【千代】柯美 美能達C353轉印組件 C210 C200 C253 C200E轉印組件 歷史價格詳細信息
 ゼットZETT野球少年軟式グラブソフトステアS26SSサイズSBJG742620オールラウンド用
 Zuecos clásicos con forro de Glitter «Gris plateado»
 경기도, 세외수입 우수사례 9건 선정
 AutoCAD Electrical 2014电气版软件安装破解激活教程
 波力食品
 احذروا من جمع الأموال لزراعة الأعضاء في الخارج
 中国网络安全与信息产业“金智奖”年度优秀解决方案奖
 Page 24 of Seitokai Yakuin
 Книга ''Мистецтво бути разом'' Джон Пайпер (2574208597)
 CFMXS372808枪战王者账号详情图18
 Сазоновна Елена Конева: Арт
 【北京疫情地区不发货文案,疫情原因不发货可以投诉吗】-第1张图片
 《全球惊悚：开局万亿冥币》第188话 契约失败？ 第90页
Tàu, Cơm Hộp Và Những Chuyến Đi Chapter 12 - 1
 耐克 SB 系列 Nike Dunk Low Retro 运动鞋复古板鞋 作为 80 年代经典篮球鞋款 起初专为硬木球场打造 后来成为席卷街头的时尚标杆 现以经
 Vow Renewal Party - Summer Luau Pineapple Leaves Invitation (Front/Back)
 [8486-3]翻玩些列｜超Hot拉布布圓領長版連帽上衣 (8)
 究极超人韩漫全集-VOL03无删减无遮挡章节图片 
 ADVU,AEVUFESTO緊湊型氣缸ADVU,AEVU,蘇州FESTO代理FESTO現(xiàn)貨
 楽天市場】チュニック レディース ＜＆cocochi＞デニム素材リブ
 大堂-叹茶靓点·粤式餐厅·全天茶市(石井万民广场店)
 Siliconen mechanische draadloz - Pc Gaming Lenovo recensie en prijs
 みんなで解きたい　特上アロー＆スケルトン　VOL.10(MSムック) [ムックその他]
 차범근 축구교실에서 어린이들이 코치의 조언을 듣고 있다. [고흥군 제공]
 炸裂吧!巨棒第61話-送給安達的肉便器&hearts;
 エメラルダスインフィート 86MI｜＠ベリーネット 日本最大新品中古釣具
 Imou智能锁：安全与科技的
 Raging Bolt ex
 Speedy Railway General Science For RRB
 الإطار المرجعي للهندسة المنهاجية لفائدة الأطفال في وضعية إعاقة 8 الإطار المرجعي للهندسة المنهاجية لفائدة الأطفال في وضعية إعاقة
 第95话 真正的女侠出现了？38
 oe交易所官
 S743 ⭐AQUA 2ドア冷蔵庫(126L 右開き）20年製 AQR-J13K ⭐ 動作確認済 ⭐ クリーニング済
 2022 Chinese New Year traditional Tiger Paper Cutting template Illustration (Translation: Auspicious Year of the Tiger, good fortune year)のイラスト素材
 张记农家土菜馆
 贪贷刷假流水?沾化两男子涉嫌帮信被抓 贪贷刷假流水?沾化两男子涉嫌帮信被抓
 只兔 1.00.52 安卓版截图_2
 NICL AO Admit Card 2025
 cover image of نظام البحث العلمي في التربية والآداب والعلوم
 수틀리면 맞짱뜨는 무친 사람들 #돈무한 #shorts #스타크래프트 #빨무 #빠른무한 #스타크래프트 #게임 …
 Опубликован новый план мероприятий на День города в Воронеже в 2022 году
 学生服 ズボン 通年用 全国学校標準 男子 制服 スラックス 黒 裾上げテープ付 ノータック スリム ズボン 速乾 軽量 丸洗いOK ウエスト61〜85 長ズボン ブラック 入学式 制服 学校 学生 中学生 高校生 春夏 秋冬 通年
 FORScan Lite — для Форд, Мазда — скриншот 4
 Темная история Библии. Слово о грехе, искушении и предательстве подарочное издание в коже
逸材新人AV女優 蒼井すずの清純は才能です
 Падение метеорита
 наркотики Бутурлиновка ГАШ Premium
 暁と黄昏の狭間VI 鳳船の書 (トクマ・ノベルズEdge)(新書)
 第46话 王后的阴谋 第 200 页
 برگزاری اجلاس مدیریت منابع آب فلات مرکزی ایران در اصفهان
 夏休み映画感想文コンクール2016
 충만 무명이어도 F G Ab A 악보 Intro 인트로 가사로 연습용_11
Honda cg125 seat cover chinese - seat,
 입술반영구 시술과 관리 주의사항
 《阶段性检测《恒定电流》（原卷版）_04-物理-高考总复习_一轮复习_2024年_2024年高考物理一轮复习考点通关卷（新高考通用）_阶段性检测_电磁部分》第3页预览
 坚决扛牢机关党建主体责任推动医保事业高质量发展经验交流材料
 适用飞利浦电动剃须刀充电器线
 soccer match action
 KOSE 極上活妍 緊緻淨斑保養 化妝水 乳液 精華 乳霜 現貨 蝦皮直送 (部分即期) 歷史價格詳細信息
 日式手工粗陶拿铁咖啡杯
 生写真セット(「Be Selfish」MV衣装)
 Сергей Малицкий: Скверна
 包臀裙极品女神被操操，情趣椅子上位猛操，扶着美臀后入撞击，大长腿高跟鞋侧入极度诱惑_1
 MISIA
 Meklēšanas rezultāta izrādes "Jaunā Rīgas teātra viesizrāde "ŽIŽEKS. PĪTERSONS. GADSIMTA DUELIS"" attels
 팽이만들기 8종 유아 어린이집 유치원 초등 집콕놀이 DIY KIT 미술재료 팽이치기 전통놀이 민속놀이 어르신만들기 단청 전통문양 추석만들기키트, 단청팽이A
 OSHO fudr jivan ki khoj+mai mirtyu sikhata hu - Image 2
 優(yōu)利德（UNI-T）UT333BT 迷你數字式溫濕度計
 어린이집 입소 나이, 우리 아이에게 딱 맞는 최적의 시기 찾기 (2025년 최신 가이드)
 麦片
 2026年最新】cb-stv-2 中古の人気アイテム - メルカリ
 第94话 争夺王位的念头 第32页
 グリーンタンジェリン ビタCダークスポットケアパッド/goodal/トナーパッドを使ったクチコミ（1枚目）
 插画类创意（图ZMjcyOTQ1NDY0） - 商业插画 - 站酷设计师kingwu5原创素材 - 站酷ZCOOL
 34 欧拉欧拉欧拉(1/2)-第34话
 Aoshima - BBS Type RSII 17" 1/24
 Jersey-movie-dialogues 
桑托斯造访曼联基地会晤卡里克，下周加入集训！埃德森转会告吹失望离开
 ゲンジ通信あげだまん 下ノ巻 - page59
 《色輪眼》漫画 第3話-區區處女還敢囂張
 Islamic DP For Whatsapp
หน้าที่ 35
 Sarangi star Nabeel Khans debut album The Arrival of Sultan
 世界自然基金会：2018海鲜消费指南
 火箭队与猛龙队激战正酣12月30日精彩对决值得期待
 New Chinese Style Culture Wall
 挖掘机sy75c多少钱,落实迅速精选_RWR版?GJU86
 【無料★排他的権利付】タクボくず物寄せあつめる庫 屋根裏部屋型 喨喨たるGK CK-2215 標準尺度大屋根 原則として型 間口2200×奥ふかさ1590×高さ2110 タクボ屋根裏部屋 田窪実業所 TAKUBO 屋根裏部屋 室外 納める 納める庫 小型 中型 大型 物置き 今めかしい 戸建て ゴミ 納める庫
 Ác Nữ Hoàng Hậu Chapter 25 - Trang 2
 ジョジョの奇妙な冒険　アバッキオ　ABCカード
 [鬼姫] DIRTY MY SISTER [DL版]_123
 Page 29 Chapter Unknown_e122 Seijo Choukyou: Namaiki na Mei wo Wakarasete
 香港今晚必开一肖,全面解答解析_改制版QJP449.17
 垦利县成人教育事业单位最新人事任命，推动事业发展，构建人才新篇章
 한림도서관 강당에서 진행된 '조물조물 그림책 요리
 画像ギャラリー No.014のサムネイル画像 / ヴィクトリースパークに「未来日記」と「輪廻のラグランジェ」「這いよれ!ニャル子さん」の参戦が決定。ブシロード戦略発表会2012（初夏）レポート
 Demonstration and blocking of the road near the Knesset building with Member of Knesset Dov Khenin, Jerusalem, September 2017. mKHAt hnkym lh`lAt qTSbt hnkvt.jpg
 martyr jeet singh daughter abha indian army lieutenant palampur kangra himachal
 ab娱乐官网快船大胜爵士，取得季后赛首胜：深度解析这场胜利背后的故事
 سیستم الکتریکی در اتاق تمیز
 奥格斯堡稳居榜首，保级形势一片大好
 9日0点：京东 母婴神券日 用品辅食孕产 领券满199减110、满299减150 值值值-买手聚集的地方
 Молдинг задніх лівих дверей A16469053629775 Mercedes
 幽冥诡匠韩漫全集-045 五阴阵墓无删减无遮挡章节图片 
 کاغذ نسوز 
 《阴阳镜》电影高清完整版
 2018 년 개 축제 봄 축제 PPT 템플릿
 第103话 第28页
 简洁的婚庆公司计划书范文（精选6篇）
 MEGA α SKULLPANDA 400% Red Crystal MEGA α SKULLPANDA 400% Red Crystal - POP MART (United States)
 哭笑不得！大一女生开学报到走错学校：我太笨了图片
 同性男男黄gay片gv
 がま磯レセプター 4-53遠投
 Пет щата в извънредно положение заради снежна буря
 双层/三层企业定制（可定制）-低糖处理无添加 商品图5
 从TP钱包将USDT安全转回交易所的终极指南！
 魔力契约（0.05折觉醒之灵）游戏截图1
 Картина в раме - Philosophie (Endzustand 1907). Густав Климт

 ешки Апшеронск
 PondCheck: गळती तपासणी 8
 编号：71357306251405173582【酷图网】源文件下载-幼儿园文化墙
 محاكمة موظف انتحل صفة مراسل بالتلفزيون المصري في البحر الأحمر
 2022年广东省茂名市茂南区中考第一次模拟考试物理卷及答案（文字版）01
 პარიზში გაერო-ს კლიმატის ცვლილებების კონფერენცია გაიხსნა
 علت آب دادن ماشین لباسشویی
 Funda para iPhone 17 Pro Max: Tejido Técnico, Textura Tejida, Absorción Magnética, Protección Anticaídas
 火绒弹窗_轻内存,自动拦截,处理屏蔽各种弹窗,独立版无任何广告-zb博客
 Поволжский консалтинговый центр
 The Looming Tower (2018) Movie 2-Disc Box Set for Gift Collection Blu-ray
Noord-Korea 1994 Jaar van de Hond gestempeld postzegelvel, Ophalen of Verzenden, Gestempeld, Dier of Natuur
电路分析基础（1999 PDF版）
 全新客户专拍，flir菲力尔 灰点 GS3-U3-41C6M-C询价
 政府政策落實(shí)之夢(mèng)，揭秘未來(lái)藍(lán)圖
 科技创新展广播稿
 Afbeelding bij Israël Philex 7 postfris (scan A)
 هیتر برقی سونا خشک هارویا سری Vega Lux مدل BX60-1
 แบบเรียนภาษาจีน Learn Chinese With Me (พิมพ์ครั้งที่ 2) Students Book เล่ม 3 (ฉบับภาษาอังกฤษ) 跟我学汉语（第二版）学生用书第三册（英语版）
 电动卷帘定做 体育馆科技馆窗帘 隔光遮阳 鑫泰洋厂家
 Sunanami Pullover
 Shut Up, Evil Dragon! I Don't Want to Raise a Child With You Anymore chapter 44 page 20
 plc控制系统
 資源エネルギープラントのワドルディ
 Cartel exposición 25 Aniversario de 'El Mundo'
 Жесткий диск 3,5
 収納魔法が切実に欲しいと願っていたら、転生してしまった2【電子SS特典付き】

> [Required action] In the material above, locate the line containing "충만 무명이어도 F G Ab A 악보 Intro 인트로 가사로 연습용_11" and the line containing "soccer match action". Transcribe exactly those two lines and every line between them, and nothing more.

> [Exercise answer]
 충만 무명이어도 F G Ab A 악보 Intro 인트로 가사로 연습용_11
Honda cg125 seat cover chinese - seat,
 입술반영구 시술과 관리 주의사항
 《阶段性检测《恒定电流》（原卷版）_04-物理-高考总复习_一轮复习_2024年_2024年高考物理一轮复习考点通关卷（新高考通用）_阶段性检测_电磁部分》第3页预览
 坚决扛牢机关党建主体责任推动医保事业高质量发展经验交流材料
 适用飞利浦电动剃须刀充电器线
 soccer match action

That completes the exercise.